Stored items from a collection:
[Start of Attachment]

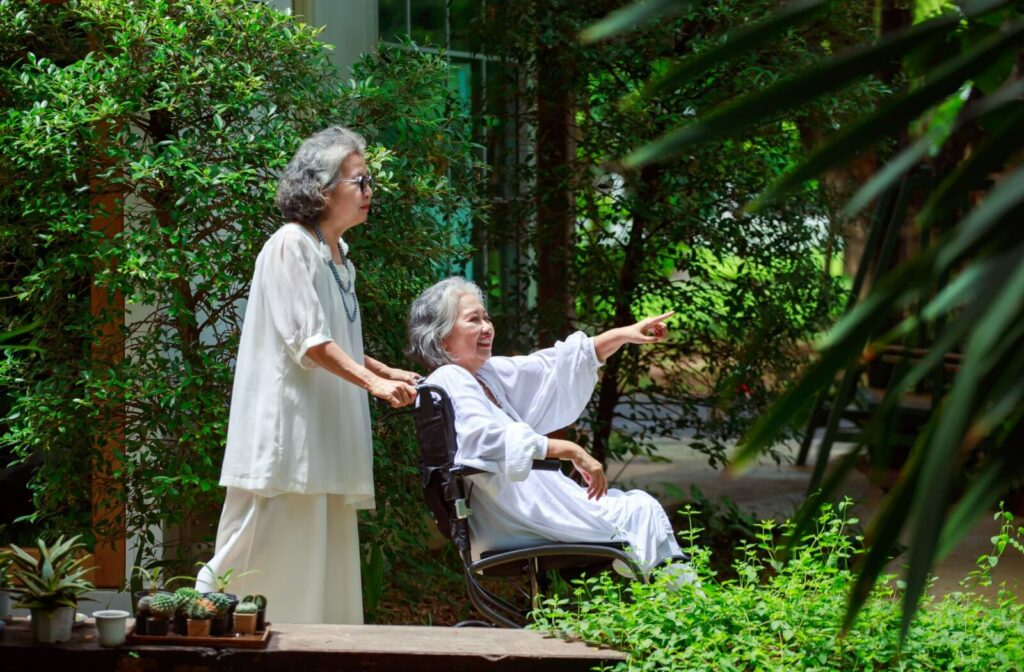 Two mature women wander through a memory care garden, one in a wheelchair.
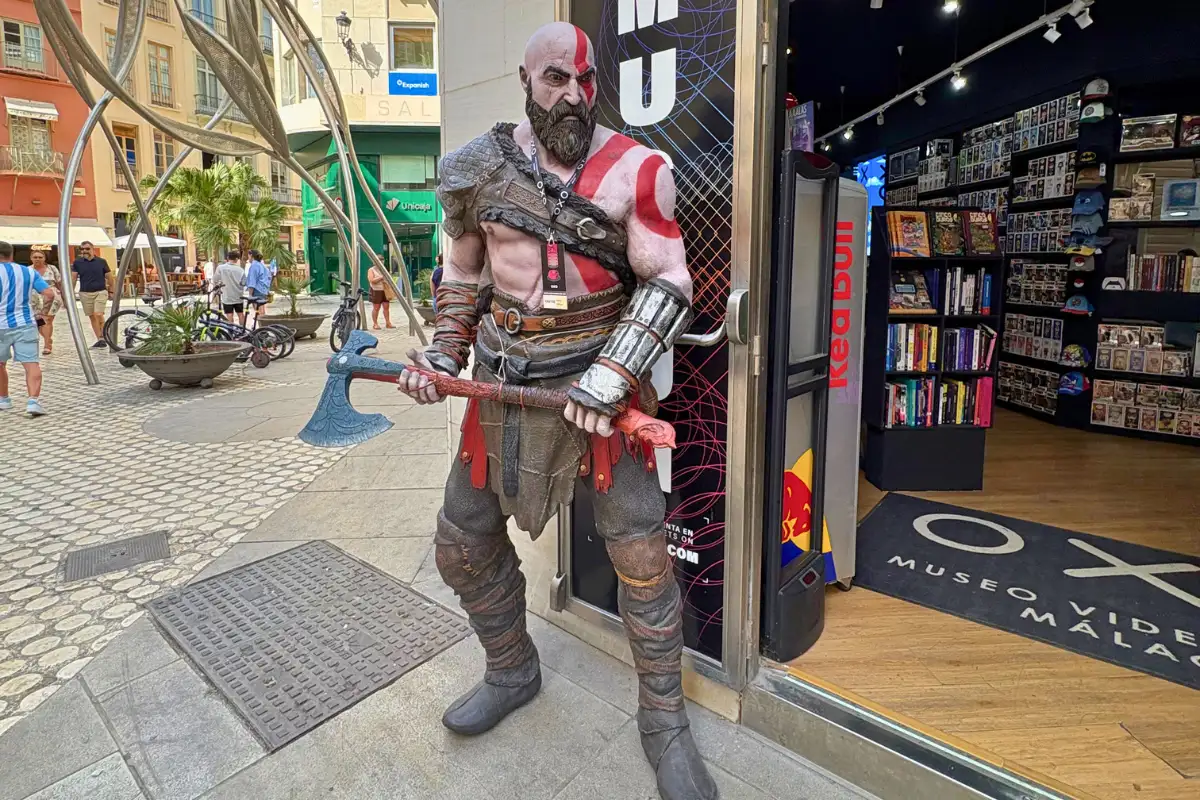 God of War Kratos costumed mascot outside a game shop on a Malaga street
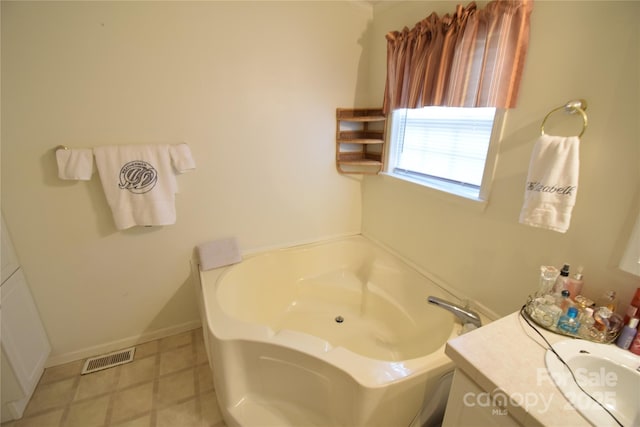 bathroom with vanity and a bathing tub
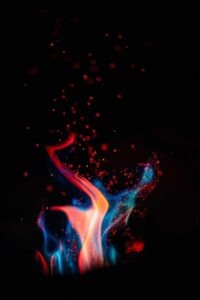Black background, blue, orange, and red flame in front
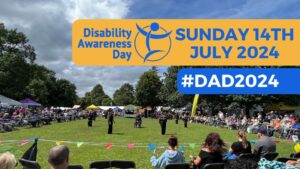 Image of people watching an event in a field with a text banner : Disability Awareness Day #DAD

[End of Attachment]

Work item: Your job is to repeat the data exactly, leaving each picture out.

Answer to this task:
 Two mature women wander through a memory care garden, one in a wheelchair.
 God of War Kratos costumed mascot outside a game shop on a Malaga street
 bathroom with vanity and a bathing tub
Black background, blue, orange, and red flame in front
 Image of people watching an event in a field with a text banner : Disability Awareness Day #DAD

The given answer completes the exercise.